UN_10218888 · ‎Nov 23, 2022

I'm working on use case,

there are 20 Plants. each plant contains 100+ equipment with each equipment contain 5-6 properties.

now I want to log each property at one minute interval timestamp.

I am logging property by using stream.

shall I create 100+ stream for each equipment 1:1 ratio or 20 stream for 20 plants one stream for one plant.

database is PostgreSQL.

If I query historical data in future it should not affect on performance.

please suggest best way to do this.

VladimirRosu · ‎Nov 23, 2022

Hi @UN_10218888 ,

What you are asking here is usually addressed via an architecture workshop, and usually the answers received in this forum format can help reaching some decisions, but most probably not the best ones.

What we can offer as advice is relatively simple:

Never use PostgreSQL for this kind of historical information, instead use InfluxDB, as it is a proper time-series database
You mentioned Streams, but ThingWorx offers another object, called Value Streams for this type of historical data. Was there a reason why you could not use Value Streams here?
The biggest performance advantage is if you shard your data storage in different databases (Persistence Providers). Only in this way you could really separate the query load. In a single database they all end in the same SQL table (in PostgreSQL). Of course this results in more complex IT management, but it is a valid option.
Regarding querying historical data, the performance depends on what size of data you will query, how frequent and the complexity of your query. One thing you should always remember is that you should always provide a start and end date to the to the classic QueryPropertyHistory methods you should use (https://www.ptc.com/en/support/article/cs260742). This is highly recommended because otherwise the system will load in the platform memory all the value stream/stream data that you queried, and in some situations it can be quite high
You must decide what is the period of time for which you store data in a ValueStream/Stream. I say this because there's no system out there that can ingest data forever without requiring money/disk space. As a consequence you should either purge the data periodically or send it to a third party system for archival.
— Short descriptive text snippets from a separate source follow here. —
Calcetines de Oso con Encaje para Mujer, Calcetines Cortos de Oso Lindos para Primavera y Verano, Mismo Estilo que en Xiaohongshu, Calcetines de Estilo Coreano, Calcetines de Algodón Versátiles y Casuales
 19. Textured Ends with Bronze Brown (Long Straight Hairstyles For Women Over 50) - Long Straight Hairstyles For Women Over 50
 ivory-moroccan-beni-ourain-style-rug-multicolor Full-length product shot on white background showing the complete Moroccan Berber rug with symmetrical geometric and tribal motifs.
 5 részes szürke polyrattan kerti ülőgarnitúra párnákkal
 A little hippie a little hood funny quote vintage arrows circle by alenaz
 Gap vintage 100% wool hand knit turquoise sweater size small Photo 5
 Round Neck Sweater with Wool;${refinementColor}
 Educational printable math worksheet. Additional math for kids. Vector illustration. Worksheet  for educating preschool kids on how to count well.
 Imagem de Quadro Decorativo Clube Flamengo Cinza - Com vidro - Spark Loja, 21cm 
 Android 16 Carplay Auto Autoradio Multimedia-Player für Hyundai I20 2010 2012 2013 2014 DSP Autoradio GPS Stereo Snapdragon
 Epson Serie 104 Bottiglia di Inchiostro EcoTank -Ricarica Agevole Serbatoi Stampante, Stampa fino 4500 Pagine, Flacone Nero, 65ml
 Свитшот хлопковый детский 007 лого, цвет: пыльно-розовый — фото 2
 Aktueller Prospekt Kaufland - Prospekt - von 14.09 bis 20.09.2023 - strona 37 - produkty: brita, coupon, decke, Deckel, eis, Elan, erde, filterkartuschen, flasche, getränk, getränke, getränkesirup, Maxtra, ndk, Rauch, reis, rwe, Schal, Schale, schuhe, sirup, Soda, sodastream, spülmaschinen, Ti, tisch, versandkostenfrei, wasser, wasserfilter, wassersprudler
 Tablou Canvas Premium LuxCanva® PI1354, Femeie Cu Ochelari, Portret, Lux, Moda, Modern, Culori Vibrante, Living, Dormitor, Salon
View solution in original post

VladimirRosu · ‎Nov 23, 2022

Hi @UN_10218888 ,

What you are asking here is usually addressed via an architecture workshop, and usually the answers received in this forum format can help reaching some decisions, but most probably not the best ones.

What we can offer as advice is relatively simple:

Never use PostgreSQL for this kind of historical information, instead use InfluxDB, as it is a proper time-series database
You mentioned Streams, but ThingWorx offers another object, called Value Streams for this type of historical data. Was there a reason why you could not use Value Streams here?
The biggest performance advantage is if you shard your data storage in different databases (Persistence Providers). Only in this way you could really separate the query load. In a single database they all end in the same SQL table (in PostgreSQL). Of course this results in more complex IT management, but it is a valid option.
Regarding querying historical data, the performance depends on what size of data you will query, how frequent and the complexity of your query. One thing you should always remember is that you should always provide a start and end date to the to the classic QueryPropertyHistory methods you should use (https://www.ptc.com/en/support/article/cs260742). This is highly recommended because otherwise the system will load in the platform memory all the value stream/stream data that you queried, and in some situations it can be quite high
You must decide what is the period of time for which you store data in a ValueStream/Stream. I say this because there's no system out there that can ingest data forever without requiring money/disk space. As a consequence you should either purge the data periodically or send it to a third party system for archival.